= Harpal Singh Kasoor =

Harpal Singh Kasoor is a Sikh kathavachak (expounder of Sikh teachings and history) and amateur Sikh historian who makes fantastical claims regarding the travels of Guru Nanak. He resides in Canada and runs an Internet blog at the domain satguru.weebly.com. His websites contains purported details and routes taken by Guru Nanak and his retinue throughout the world.

== East African claim ==
In an article republished by SikhNet, Harpal Singh claims that Guru Nanak had visited East Africa, specifically Uganda.

== Scandinavian claim ==
In an article on his blog titled Two Singing Preachers From India In Norway"Preacheur Parler"--1545, Says Indian Chief, Donnacona. [sic], Harpal claims that Guru Nanak had visited many parts of Europe, including as far as Bergen in Norway, where he apparently held a discussion with local traders in the Persian-language in the summer of 1520. In 2010, while visiting a local gurdwara in Stockholm, Sweden, Harpal appealed to local Swedish Sikhs to help him uncover and translate records held in Scandinavian archives that apparently proved that Guru Nanak had visited Bergen in Norway as part of his world-wide journeys, which apparently included the guru and his companions, Mardana and Bala, passing through Scandinavia.
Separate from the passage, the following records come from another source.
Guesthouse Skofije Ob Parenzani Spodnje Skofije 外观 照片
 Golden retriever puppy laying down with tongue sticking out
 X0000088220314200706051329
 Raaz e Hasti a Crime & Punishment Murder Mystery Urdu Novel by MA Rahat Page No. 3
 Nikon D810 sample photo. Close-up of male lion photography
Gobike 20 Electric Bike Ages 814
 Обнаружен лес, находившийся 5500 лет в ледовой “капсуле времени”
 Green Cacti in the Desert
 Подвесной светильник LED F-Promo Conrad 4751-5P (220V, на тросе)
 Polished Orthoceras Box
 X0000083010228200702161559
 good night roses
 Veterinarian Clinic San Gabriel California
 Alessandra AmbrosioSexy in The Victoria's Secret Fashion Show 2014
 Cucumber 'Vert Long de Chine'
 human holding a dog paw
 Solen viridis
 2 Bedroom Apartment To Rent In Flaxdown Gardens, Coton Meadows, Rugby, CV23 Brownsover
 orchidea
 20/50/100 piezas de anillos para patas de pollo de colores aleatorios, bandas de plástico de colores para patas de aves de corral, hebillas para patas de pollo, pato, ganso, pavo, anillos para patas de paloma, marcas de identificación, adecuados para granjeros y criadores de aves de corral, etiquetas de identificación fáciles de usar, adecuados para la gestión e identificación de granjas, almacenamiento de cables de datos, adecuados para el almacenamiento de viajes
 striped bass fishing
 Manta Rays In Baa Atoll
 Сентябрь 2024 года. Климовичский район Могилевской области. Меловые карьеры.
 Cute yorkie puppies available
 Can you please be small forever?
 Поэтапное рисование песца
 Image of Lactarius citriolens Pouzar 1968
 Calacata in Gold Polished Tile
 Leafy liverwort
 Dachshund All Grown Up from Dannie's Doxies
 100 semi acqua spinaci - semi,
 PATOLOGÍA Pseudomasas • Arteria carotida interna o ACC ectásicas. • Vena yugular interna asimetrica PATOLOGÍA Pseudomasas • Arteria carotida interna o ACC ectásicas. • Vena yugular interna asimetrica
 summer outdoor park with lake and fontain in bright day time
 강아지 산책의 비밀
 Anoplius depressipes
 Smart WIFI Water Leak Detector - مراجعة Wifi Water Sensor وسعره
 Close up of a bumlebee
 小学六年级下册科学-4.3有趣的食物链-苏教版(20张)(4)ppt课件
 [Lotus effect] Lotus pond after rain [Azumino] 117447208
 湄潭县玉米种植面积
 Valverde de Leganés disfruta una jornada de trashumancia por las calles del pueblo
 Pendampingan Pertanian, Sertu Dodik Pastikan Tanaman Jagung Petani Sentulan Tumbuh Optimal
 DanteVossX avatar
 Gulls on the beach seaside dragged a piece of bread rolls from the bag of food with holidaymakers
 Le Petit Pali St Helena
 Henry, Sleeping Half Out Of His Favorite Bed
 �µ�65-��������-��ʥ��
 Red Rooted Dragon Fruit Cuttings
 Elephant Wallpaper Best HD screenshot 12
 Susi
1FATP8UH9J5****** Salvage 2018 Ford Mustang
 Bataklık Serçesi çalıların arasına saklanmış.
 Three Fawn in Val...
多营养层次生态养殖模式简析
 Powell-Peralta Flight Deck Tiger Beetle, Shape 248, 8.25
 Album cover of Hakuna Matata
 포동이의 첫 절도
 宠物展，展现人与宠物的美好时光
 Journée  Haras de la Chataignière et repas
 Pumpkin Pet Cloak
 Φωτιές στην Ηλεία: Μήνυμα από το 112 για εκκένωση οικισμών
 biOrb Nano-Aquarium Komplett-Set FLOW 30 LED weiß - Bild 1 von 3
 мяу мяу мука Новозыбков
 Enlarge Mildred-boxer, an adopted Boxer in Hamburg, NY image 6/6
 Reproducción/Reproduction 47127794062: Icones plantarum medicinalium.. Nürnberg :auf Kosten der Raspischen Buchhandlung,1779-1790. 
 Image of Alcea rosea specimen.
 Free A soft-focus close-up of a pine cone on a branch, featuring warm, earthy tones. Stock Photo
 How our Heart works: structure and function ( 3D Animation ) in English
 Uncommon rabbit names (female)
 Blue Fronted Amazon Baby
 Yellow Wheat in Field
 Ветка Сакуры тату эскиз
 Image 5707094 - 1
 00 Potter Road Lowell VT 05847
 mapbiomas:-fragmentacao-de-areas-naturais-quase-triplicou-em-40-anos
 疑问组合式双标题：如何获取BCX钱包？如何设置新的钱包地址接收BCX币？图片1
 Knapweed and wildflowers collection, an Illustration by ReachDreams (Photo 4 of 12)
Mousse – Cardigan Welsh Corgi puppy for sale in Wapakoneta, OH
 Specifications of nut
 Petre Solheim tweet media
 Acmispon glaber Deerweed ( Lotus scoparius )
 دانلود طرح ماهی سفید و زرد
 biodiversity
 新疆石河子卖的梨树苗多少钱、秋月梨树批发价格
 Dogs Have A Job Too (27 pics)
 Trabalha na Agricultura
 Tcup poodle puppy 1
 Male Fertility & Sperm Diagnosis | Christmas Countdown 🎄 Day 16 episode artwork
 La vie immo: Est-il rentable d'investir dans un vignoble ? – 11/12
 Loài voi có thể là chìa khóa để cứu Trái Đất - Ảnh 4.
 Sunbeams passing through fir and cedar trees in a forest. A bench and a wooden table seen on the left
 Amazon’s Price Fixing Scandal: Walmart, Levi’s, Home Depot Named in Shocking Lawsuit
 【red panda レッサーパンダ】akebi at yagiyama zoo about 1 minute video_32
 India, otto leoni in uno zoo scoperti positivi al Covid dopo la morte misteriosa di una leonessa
Harpal's claims were met with confusion, curiosity, and skepticism from the local Sikh congregation but Harpal stated that European travellers and historians had apparently written about Guru Nanak's visit to Bergen, they just needed to locate and translate these records for evidence. Scholar Kristina Myrvold notes that Harpal made use of diasporic Sikh connections and activities and attempted to link them to the first Sikh guru, rather than focusing on uncovering history in the Punjabi homeland. She further states that Harpal attempted to bridge the temporal and spatial differences between varying localities and if his theory was true, would give Scandinavian Sikhs a historical antecedent in their country of settlement.